ERROR: column “mystery” must appear in the GROUP BY clause or be used in an aggregate function

xullnn
5 min readFeb 6, 2021

I want to share my thoughts about how to think straight about why we need to apply aggregate function when we used GROUP BY clause in a SQL statement.

I assume that you’ve already had a basic understanding of GROUP BY and “aggregate functions” in SQL. If you know these two terms and ever used them but are fuzzy about them, I hope this post could help.

A simple visualization of GROUP BY

It’s useful to image we are splitting a table, which consists of rows and columns, horizontally into different groups by common values with the given column.

If we have this table, and we want to apply GROUP BY to col_one :

The common values from GROUP BY column_name

We can find the common values of col_one , they are apple , cat and fuel . This is a bit like DISTINCT . And it is very straightforward, GROUP BY a column is just to pick out distinct values of that column, each distinct value corresponds to one group.

Split table horizontally by different groups

Now let’s visually split the table horizontally based on the groups we get.

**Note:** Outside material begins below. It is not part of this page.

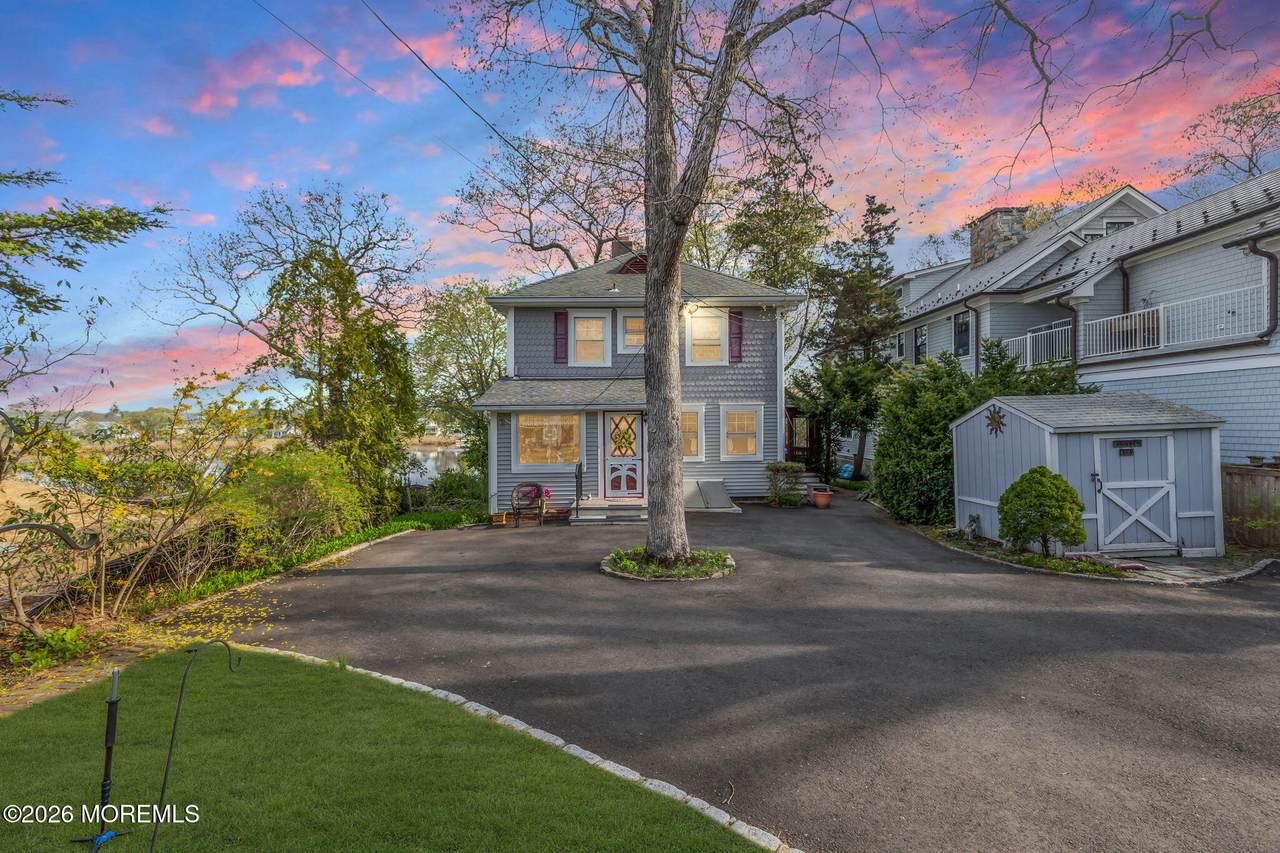 613 Beacon Boulevard - Photo 1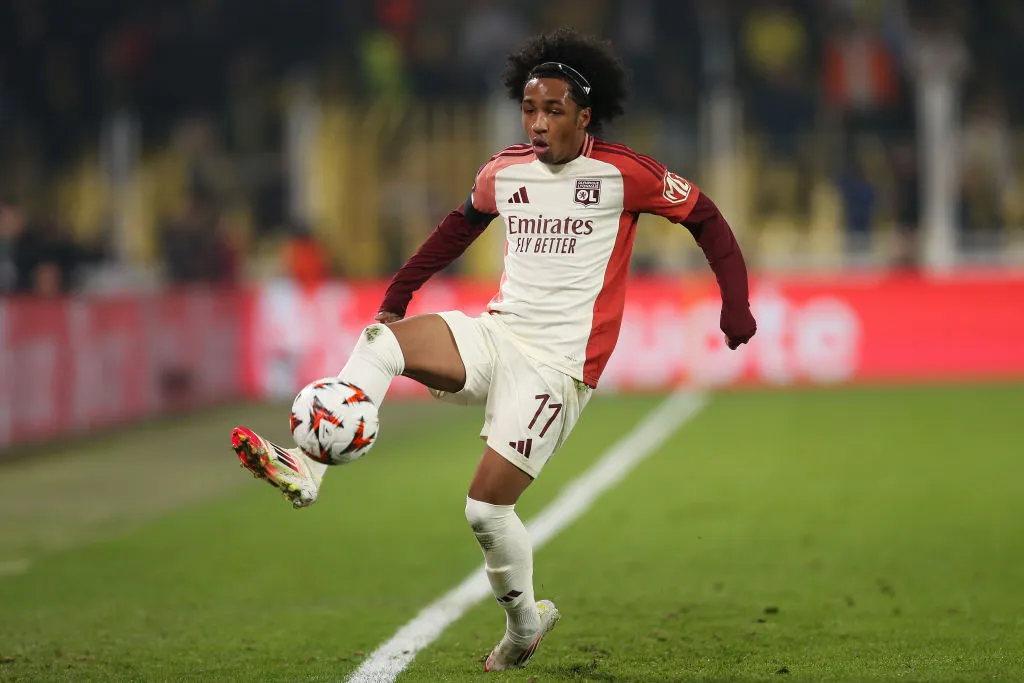 Atacante Malick Fofana, de 20 anos, do Olympique Lyonnais  (Foto: Ahmad Mora/Getty Images)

But we mentioned a group is a distinct value, we have group apple not group apple apple apple . So actually what we get is like this:

Add SELECT list into the picture

Now we get 3 groups: apple , cat and fuel . If we execute SQL like: SELECT col_one FROM table_name GROUP BY col_one , it will return 3 rows, each row contains a group name. But typically we want to include other columns while applying grouping. We want to know what groups we have, we also want to know extra information about each group, maybe we want to know how many apples we have, or the total weight of all the apples etc.

Say if we want to include col_two into our result and this column has some text data that includes some color information.

The paradox here is we get 3 group rows from col_one , but 6 rows from col_two . If we execute SQL like SELECT col_one, col_two FROM table_name GROUP BY col_one; we would get an error ERROR: column “table_name.col_two” must appear in the GROUP BY clause or be used in an aggregate function .

The inconsistency between the number of groups and the number of rows of col_two leads to this problem. Let’s take the apple group as an example:

The 3 rows of data 'red' , 'green' and 'purple' need to be some way compressed into a single row(value) to fit in the apple group. And this is also true to other groups. By only doing this can we form a meaningful result from the query.

Use aggregate function as “compressor”

The error message we got earlier gave us some hint about the solution — aggregate function.

In database management, an aggregate function or aggregation function is a function where the values of multiple rows are grouped together to form a single summary value.

— wikipedia

When one group ties up with multiple rows within one or more selected columns. We can apply aggregate function to each column to get a “summary value”. Essentially it’s just a function that can take one or more arguments(in this case they’re the rows) and return a single value. By doing this the return value of an aggregation function based on multiple rows corresponds to their group can now together form a meaningful row of data.

A note about the execution order of GROUP BY and aggregate functions: grouping happens before aggregation so that aggregation functions only handle rows of values inside each independent group.

Back to the example of apple group. What aggregate functions can we apply to the 3 rows relates to the group? There’re many aggregate functions.

one example

If we apply count() to col_two we may get a SQL query like: SELECT col_one, count(col_two) FROM table_name GROUP BY col_one; . And the count() function will return the number of rows of the given column. In this case the number of rows is limited by the group, and it’s 3 .

another example

Not only can we apply aggregation functions about math such as count the number of rows(count) or find the maximum value across the rows(max), we can also use string aggregation functions like string_agg(col_name, separator) . This function concatenates strings from multiple rows with the given separator.

The SQL of this could be: SELECT col_one, string_agg(col_two, ', ') FROM table_name GROUP BY col_one; . Note that string_agg requires two arguments. Also note that in both examples the second column name has changed to the name of the function.

Summary

Think about a table visually

I found it helpful to think visually when facing SQL queries with GROUP BY in. Just like we often splitting and joining tables vertically such as normalizing a database or joining multiple tables. I think many people have applied visual imagination when learning or working with SQL. It’s a useful way.

Consistency is the key
Our simple example only involves 1 extra columns in the select list. As we add more and more columns into the select list, we just need to carefully check if there is inconsistency of number of rows between the group and the selected columns.

More to explore

There are certainly more complicated case about grouping and aggregation in SQL for example what if we want to grouping by multiple columns. But I believe this visual, step-by-step way of thinking about grouping can be served as a good starting point.

Hope this post can be helpful.

--

--